**WHAT IS NEEDED**.
Transcribe word for word the lines below from the line with "农村信用社贷款有哪些条件要求？不懂就看这篇，实用又详细" through the line with "APA Replacement Mirror", ends included.
◆ ◆ ◆ ◆ ◆ ◆ ◆
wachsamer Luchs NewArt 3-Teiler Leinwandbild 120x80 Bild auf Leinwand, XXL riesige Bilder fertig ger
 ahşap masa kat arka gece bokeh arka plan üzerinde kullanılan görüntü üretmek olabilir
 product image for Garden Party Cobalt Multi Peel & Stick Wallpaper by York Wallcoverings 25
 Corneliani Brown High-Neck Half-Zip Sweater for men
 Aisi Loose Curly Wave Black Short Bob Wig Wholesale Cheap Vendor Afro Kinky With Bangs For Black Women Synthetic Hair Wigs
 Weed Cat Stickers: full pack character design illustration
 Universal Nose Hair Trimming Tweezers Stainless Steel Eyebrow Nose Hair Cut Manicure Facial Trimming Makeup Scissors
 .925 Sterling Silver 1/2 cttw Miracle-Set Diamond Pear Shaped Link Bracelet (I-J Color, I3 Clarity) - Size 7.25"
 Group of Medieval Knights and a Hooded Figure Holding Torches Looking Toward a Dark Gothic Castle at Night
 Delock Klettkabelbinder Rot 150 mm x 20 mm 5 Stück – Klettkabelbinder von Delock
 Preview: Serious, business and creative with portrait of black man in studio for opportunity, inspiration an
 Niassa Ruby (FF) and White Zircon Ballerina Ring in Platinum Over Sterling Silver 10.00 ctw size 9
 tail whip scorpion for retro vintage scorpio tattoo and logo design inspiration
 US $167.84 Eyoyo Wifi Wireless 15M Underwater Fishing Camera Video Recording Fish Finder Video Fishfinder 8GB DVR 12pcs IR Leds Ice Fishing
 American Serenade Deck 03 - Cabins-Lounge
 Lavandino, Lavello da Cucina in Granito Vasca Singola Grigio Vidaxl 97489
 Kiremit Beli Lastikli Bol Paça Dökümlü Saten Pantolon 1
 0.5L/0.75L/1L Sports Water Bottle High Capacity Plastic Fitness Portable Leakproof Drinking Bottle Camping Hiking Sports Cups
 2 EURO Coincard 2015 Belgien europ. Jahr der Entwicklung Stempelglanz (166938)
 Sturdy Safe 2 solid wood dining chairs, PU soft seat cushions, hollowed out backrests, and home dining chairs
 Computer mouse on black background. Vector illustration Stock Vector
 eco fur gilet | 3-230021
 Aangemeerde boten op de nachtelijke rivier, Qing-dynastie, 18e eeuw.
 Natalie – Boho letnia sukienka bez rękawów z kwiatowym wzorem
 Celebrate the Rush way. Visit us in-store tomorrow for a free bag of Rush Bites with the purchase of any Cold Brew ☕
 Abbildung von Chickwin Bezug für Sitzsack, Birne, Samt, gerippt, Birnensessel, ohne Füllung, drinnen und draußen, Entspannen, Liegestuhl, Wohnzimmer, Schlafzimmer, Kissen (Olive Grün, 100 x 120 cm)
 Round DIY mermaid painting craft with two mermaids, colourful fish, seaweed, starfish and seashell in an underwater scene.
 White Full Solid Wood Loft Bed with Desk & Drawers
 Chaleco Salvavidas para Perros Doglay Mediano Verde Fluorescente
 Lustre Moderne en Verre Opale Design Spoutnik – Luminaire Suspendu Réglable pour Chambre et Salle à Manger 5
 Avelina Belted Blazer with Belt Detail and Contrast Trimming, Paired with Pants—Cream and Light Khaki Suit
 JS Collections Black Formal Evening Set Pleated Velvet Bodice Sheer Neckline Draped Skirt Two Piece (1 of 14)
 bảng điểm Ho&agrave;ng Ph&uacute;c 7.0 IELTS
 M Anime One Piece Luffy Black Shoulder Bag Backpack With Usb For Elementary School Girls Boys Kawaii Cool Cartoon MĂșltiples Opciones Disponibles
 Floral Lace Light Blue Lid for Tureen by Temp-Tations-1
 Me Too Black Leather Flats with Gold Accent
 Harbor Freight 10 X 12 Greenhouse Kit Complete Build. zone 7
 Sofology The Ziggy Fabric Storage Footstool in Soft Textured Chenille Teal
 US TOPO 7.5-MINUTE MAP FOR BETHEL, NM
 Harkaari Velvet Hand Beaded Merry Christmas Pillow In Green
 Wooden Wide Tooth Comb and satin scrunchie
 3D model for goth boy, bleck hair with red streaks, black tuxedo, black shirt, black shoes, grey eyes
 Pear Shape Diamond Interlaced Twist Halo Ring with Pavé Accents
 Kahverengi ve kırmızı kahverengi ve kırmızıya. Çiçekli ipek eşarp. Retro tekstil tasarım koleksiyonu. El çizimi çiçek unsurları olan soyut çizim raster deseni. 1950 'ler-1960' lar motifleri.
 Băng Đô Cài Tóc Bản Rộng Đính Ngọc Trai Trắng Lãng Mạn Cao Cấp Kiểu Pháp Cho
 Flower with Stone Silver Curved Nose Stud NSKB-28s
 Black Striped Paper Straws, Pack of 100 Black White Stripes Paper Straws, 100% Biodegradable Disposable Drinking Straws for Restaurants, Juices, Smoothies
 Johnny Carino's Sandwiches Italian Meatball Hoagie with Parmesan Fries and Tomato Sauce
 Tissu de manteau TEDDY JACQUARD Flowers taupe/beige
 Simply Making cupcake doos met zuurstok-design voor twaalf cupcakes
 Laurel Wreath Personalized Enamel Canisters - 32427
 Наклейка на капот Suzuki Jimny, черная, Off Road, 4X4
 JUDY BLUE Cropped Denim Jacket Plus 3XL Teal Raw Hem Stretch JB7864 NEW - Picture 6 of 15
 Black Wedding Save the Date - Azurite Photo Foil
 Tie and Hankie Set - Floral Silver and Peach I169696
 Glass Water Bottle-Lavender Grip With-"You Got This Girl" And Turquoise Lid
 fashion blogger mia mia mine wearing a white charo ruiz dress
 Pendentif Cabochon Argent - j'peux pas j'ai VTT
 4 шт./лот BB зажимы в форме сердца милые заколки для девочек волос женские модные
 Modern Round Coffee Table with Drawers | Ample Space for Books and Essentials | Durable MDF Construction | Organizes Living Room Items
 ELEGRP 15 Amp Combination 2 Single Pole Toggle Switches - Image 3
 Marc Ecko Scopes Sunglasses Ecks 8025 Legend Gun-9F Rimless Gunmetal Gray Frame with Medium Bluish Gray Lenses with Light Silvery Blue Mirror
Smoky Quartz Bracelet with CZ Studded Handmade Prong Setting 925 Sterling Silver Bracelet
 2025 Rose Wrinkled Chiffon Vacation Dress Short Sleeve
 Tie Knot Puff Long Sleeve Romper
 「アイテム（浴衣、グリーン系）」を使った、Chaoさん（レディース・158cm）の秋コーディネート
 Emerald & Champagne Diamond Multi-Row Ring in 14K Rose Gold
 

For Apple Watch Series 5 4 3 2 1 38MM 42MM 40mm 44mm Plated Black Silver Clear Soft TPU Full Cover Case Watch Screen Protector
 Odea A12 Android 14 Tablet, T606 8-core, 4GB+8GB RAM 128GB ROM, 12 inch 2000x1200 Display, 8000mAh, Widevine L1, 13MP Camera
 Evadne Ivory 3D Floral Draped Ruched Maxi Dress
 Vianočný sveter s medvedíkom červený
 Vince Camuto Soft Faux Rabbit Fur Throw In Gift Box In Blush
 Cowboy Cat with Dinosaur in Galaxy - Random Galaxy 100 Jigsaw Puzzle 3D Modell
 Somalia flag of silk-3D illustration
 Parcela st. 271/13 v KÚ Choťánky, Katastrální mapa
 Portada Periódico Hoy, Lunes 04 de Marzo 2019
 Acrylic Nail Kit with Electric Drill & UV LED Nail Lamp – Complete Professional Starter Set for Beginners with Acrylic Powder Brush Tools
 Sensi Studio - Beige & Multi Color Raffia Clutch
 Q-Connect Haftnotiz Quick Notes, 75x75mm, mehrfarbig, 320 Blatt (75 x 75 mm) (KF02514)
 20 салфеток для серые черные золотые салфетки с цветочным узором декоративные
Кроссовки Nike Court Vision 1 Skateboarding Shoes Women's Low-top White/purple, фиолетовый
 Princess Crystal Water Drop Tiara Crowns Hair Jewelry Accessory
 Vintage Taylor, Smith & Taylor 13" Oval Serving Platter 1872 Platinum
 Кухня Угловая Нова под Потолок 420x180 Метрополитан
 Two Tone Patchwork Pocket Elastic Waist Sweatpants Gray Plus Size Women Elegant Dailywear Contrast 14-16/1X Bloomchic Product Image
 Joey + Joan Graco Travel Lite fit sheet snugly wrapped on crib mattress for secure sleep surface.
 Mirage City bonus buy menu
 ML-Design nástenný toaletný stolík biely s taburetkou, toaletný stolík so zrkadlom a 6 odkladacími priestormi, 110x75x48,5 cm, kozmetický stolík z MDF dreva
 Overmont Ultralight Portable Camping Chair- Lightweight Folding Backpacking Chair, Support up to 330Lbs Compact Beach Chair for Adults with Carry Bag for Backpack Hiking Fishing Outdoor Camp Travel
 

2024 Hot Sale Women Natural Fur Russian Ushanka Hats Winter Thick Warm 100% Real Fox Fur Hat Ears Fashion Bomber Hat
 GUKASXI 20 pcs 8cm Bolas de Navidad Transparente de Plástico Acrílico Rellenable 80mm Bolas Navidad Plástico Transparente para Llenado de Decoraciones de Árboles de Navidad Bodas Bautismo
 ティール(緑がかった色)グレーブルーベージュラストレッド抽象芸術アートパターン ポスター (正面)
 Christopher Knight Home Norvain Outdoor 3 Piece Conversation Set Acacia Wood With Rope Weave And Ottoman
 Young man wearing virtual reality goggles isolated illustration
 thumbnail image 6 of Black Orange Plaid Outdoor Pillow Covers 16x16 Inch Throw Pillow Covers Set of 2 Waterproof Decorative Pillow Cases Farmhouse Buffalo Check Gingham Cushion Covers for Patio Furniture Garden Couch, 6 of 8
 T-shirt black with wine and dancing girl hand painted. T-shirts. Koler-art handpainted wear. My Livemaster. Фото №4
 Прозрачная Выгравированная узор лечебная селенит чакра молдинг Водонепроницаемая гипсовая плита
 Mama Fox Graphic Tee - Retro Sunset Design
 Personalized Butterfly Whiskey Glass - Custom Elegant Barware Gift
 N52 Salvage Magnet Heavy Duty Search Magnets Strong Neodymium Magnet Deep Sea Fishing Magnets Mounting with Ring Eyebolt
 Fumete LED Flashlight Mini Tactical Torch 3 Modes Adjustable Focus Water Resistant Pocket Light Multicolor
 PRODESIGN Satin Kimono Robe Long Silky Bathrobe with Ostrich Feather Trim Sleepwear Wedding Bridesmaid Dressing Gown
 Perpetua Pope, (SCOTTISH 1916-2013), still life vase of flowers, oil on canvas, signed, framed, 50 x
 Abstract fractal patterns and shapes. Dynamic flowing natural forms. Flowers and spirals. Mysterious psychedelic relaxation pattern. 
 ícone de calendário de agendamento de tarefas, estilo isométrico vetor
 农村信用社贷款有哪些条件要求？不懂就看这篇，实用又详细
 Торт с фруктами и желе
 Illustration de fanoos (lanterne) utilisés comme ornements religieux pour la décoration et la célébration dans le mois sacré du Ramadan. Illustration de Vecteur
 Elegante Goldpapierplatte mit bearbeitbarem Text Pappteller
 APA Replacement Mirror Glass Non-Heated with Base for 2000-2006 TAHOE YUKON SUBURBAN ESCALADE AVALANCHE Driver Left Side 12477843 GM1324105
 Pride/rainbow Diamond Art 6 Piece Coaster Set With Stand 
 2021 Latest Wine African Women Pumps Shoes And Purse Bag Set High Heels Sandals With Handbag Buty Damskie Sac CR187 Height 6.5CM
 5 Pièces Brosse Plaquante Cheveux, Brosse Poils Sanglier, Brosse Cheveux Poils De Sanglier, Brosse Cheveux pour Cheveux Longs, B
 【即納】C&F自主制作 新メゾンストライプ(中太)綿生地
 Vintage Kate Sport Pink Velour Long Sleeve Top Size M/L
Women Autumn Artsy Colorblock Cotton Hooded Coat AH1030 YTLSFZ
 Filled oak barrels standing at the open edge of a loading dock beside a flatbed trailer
◆ ◆ ◆ ◆ ◆ ◆ ◆
**EXERCISE ANSWER**.
 农村信用社贷款有哪些条件要求？不懂就看这篇，实用又详细
 Торт с фруктами и желе
 Illustration de fanoos (lanterne) utilisés comme ornements religieux pour la décoration et la célébration dans le mois sacré du Ramadan. Illustration de Vecteur
 Elegante Goldpapierplatte mit bearbeitbarem Text Pappteller
 APA Replacement Mirror Glass Non-Heated with Base for 2000-2006 TAHOE YUKON SUBURBAN ESCALADE AVALANCHE Driver Left Side 12477843 GM1324105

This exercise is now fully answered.